--- Records for processing ---
--- --- ---

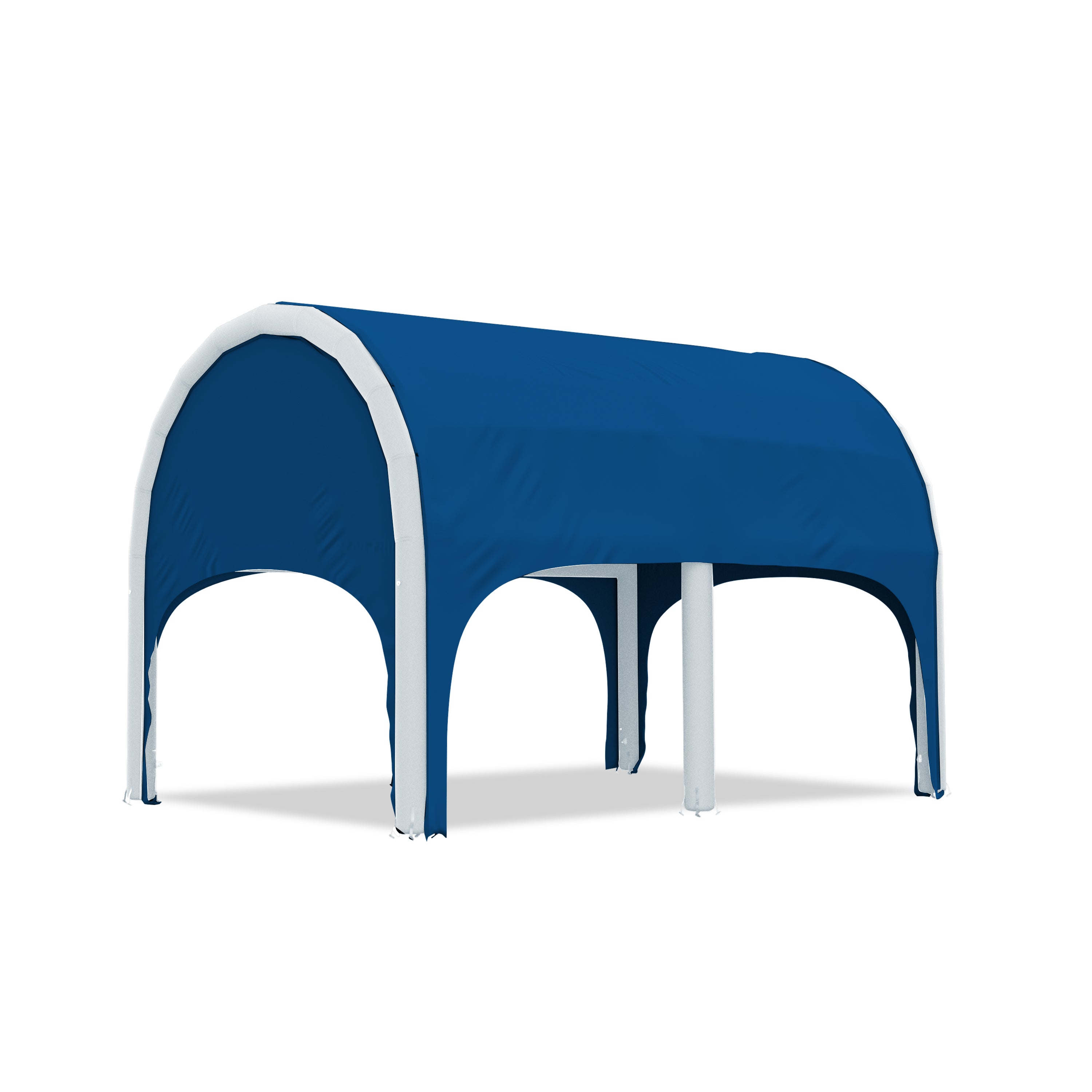 5m polaris high pressure inflatable tent with a blue roof and white inflatable frame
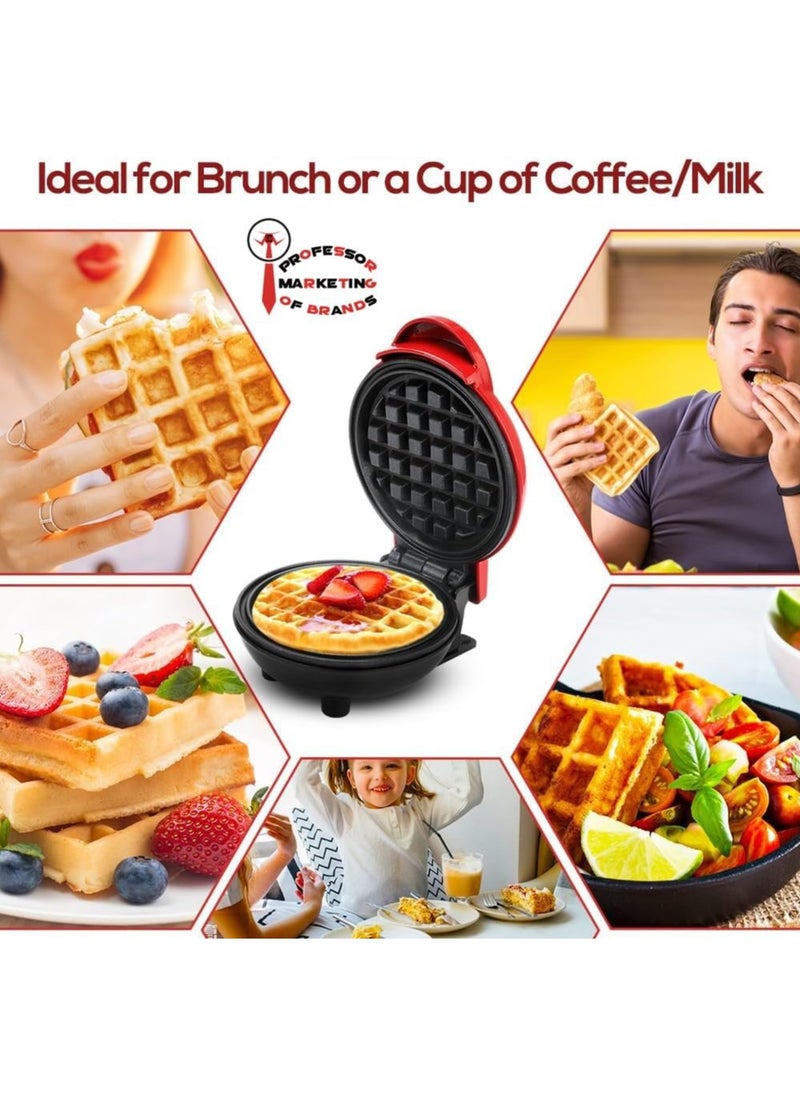 Professor - Waffle Maker 350W with Non-Stick Coating, Classic Waffle Maker, Electric Cake Maker for Pancakes, Cookies, Shuffles, Snacks, Belgian Waffles - Black - Image 1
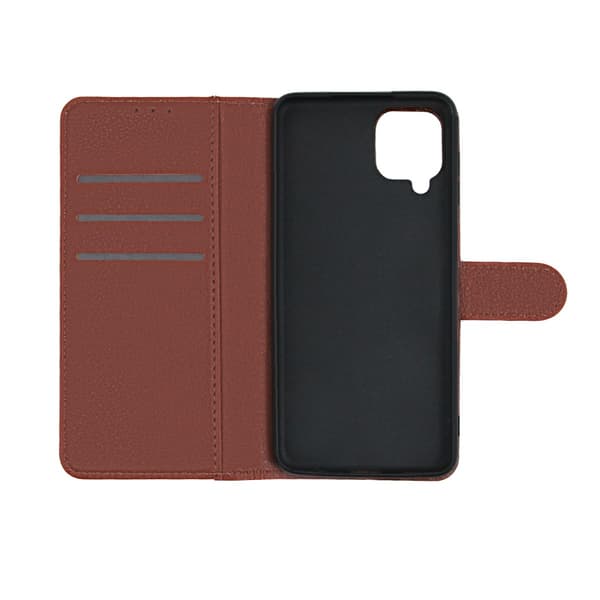 Samsung Galaxy A12 Wallet Case with Stand - Brown Brun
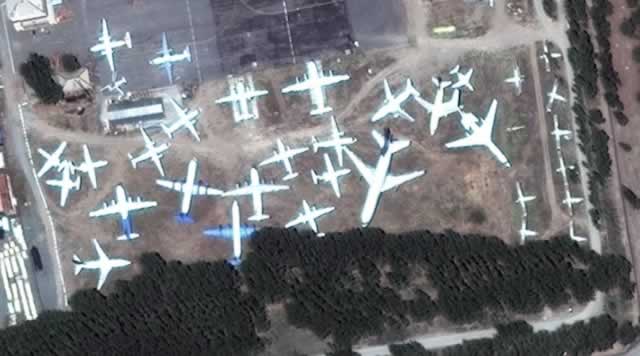 Aerial view of airplane boneyard at Manas International Airport in Kyrgyzstan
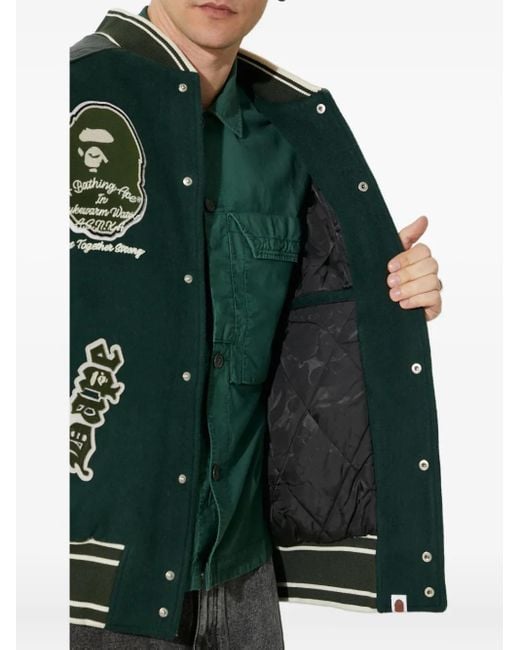 A Bathing Ape Green Panelled Varsity Jacket for men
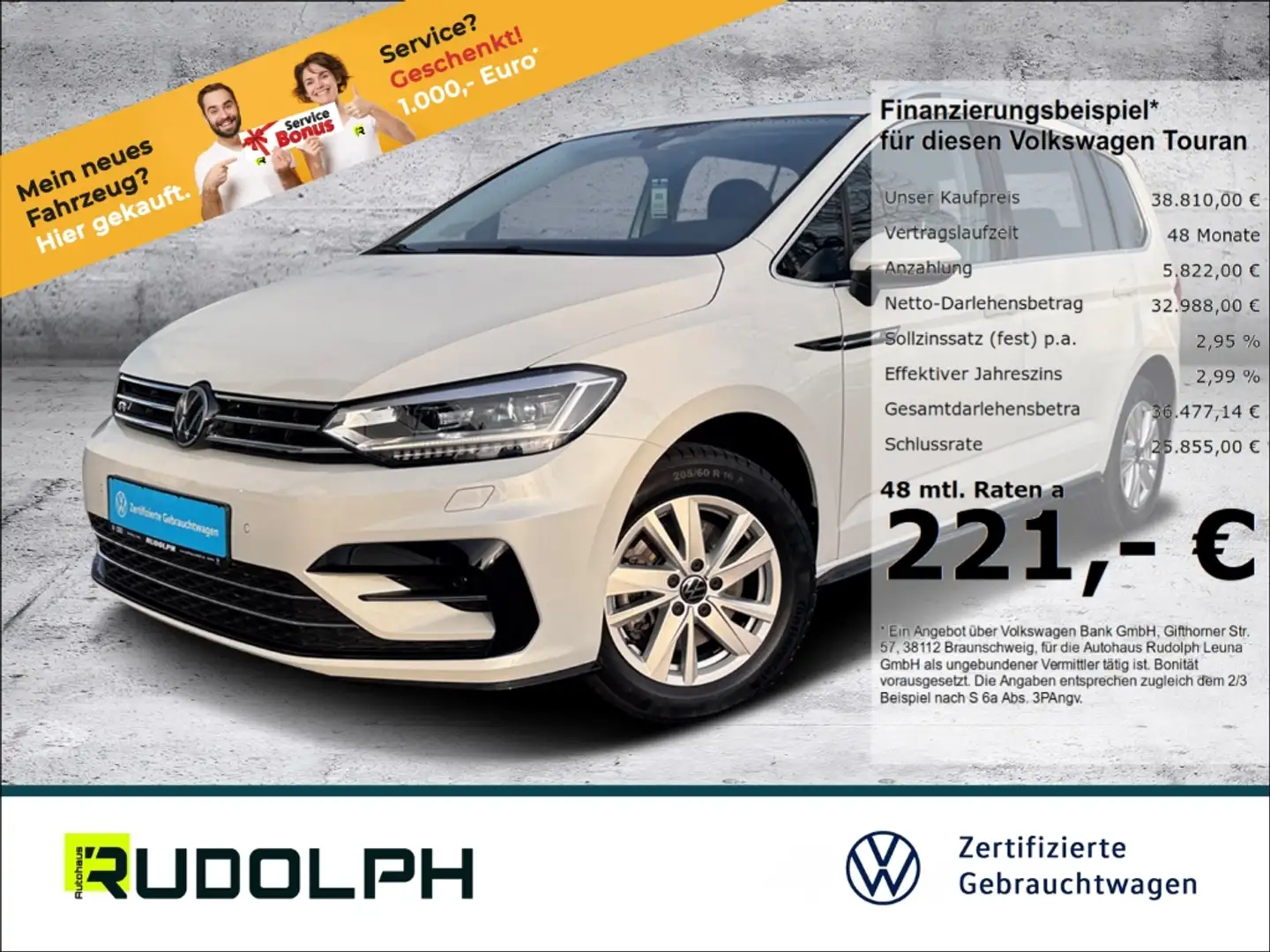 Volkswagen Touran Comfortline 2.0 TDI DSG LED Navi BT StandHZG SHZ Weiß - 1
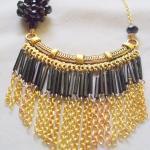 black and gold bib necklace..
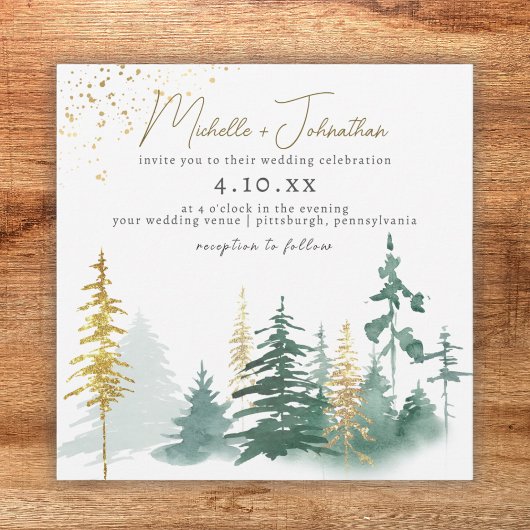 Manuscript Trendy Gold Green Forest Rustic Wedding Kaart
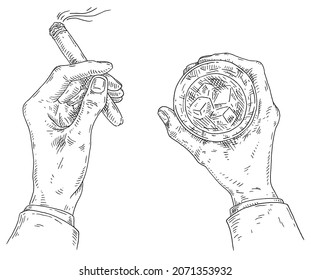 Male hands holding glass whiskey and burning cigar. Top view. Vintage vector black engraving illustration isolated on white background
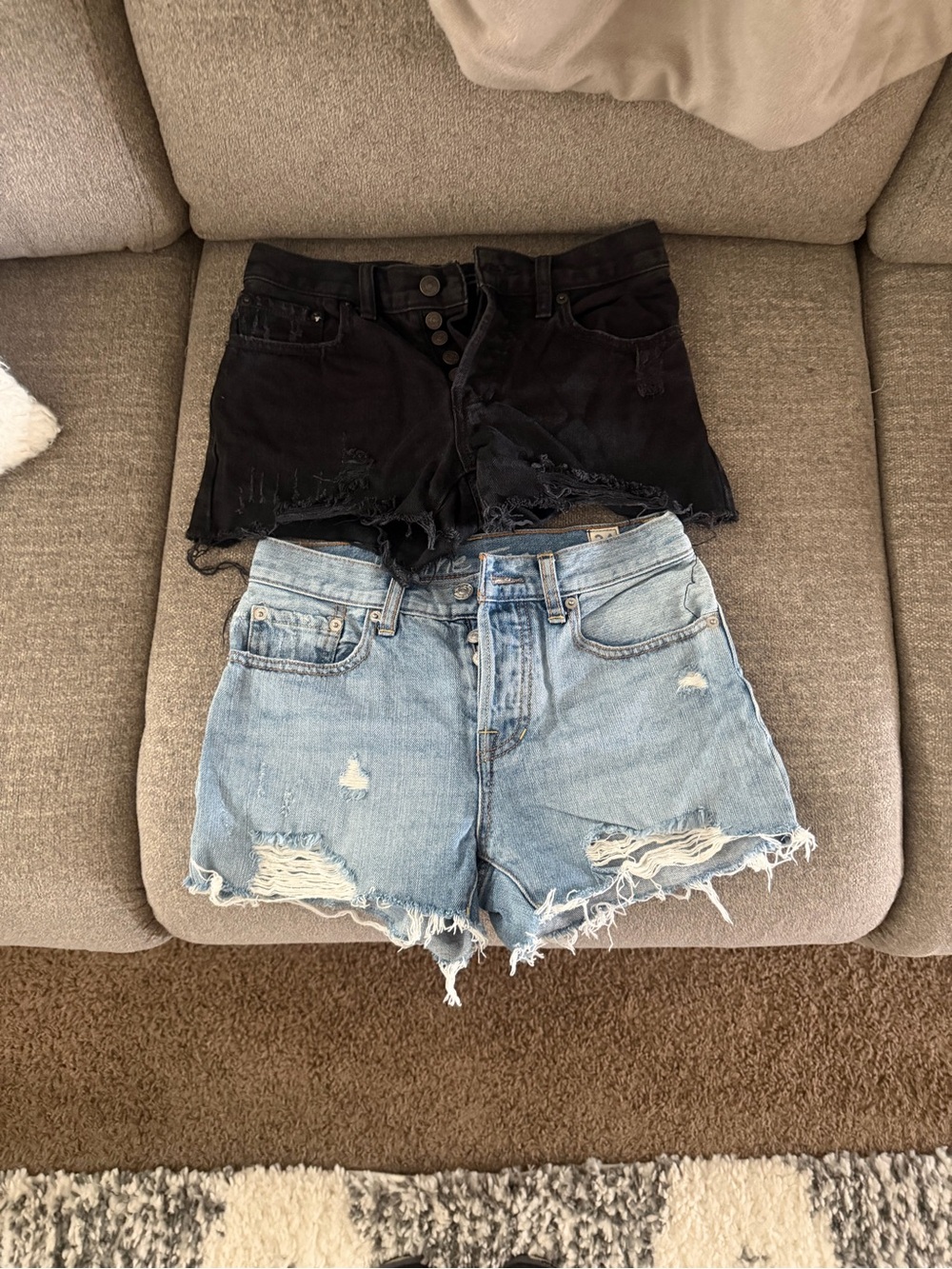 We The Free Black Distressed Button-Front Denim Shorts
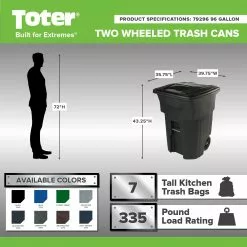 Toter Trash Cans 96-Gallon Greenstone Plastic Wheeled Trash Can with Lid 15 Toter Trash Cans 96-Gallon Greenstone Plastic Wheeled Trash Can with Lid -Cleaning Supplies Shop 44145988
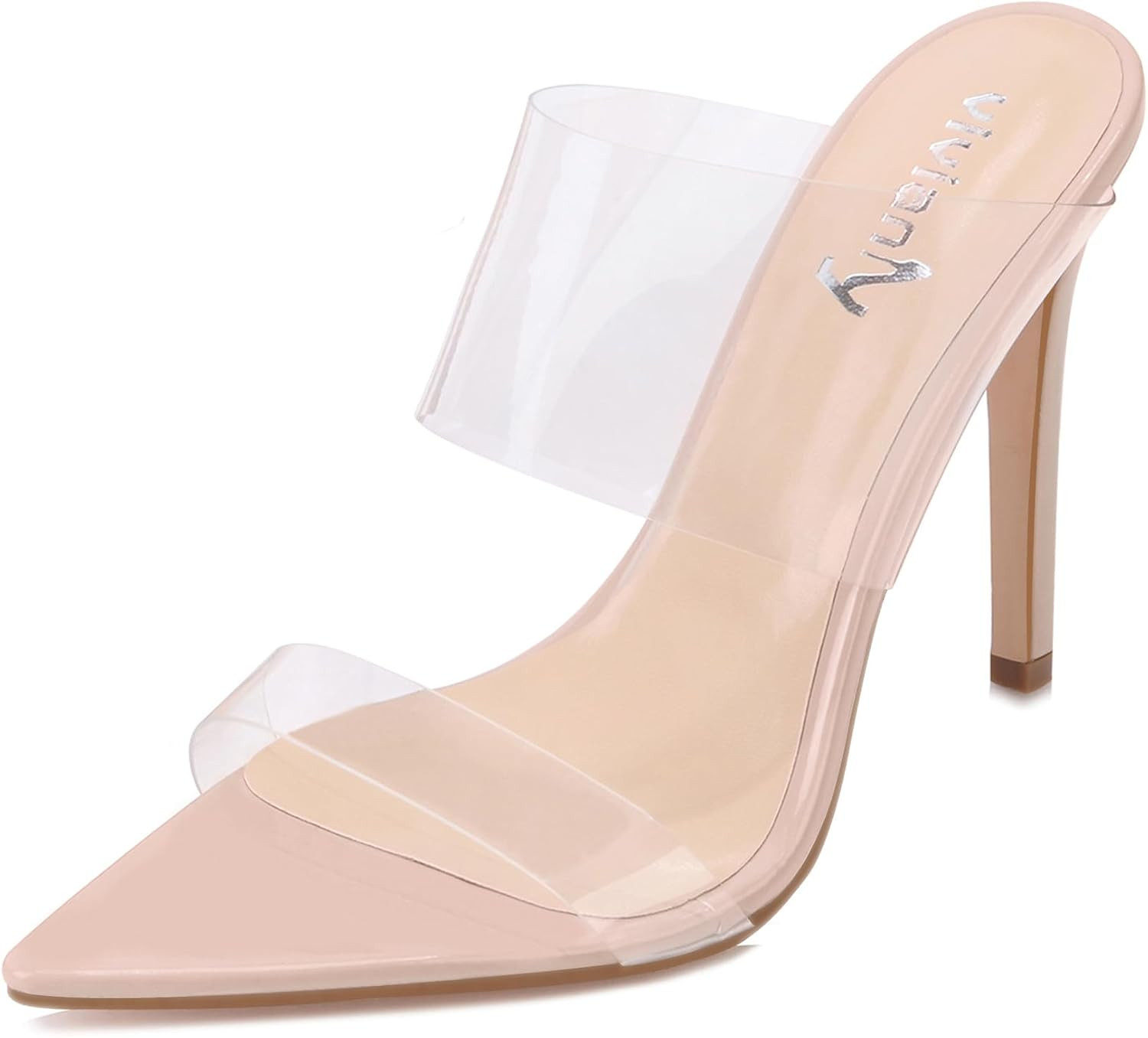 vivianly Clear Pointed Toe Heels Sandals Transparent Strap Stiletto High Heels Slip on Mules for Women | Amazon (US)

--- --- ---

--- Exercise objective ---
Pictures stay out; everything else in the records above gets copied exactly.

--- Your response ---
 5m polaris high pressure inflatable tent with a blue roof and white inflatable frame
 Professor - Waffle Maker 350W with Non-Stick Coating, Classic Waffle Maker, Electric Cake Maker for Pancakes, Cookies, Shuffles, Snacks, Belgian Waffles - Black - Image 1
 Samsung Galaxy A12 Wallet Case with Stand - Brown Brun
 Aerial view of airplane boneyard at Manas International Airport in Kyrgyzstan
 A Bathing Ape Green Panelled Varsity Jacket for men
 Volkswagen Touran Comfortline 2.0 TDI DSG LED Navi BT StandHZG SHZ Weiß - 1
 black and gold bib necklace..
 Manuscript Trendy Gold Green Forest Rustic Wedding Kaart
 Male hands holding glass whiskey and burning cigar. Top view. Vintage vector black engraving illustration isolated on white background
 We The Free Black Distressed Button-Front Denim Shorts
 Toter Trash Cans 96-Gallon Greenstone Plastic Wheeled Trash Can with Lid 15 Toter Trash Cans 96-Gallon Greenstone Plastic Wheeled Trash Can with Lid -Cleaning Supplies Shop 44145988
 vivianly Clear Pointed Toe Heels Sandals Transparent Strap Stiletto High Heels Slip on Mules for Women | Amazon (US)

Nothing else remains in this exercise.